Giuseppe Curigliano (Guest Associate Editor)
It is of course always exciting to hear about new strategies being developed to combat cancer. However, my top pick of ESMO 2014 is the news that in the ghrelin receptor agonist anamorelin, we finally have an agent that can effectively and significantly reduce the effects of cancer cachexia. In our efforts to successfully treat the disease, it is easy to forget that this devastating condition will affect many of our cancer patients, irrespective of tumour type. It is associated with morbidity and death in a substantial number of patients and is a cause of extreme anxiety to them. The results from the phase III ROMANA 1 and 2 studies in NSCLC (1483O_PR) demonstrated significant benefits with anamorelin in body mass, body weight and patients’ symptoms and concerns about anorexia-cachexia. These findings suggest that anamorelin has the potential to improve the lives of a significant number of cancer patients.

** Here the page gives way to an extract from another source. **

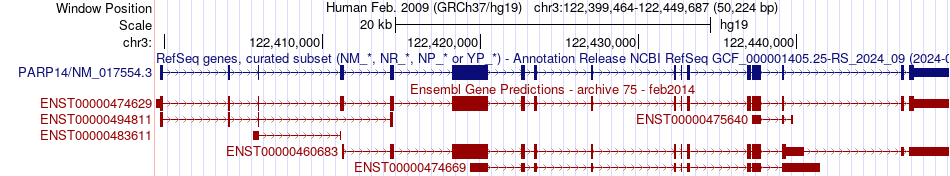 gene isoform structure of PARP14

Evandro de Azambuja (Editor-in-Chief)
For me, the results from the CLEOPATRA trial (Abstract 350O_PR), demonstrating that the addition of pertuzumab to first-line trastuzumab and docetaxel significantly prolonged overall survival in patients with HER2-positive metastatic disease, really stood out. This treatment combination has the potential to make a real difference to the lives of patients, increasing survival in HER2-positive metastatic breast cancer. Once considered a very aggressive disease, its prognosis has greatly improved with the use of anti-HER2 targeted agents. On a negative, but no less important note, the failure of lapatinib to improve on trastuzumab in early stage HER2-positive disease in one trial and the increased toxicity in another 1 (LBA7, Abstract 253O) will also help to define treatment strategies. These results highlight the urgent need for biomarkers to identify patients benefiting from a given treatment, taking into account treatment efficacy and toxicities. Finally, our increased understanding of the molecular complexities of breast cancer, as evidenced by the identification of significant genomic and immunologic differences between metastatic and primary tumour sites (Abstract 351O) and the identification of further predictive biomarkers (Abstract 254O) should help us to develop new strategies that will offer hope of a better outcome for our breast cancer patients.
I would like to thank the Editorial Team for their tremendous efforts in bringing you the Congress Daily newspapers. I would also like to remind delegates not to miss the very first ESMO ASIA Congress, which is being held in Singapore from 18–21 December 2015. The programme for the meeting, put together by an international committee, will allow delegates the rare opportunity to mix with regional and international experts in oncology. Finally, I hope you found the ESMO 2014 as stimulating and worthwhile as I did. I look forward to seeing you at the European Cancer Congress in Vienna, 25-29 September in 2015 and at the ESMO ASIA Congress.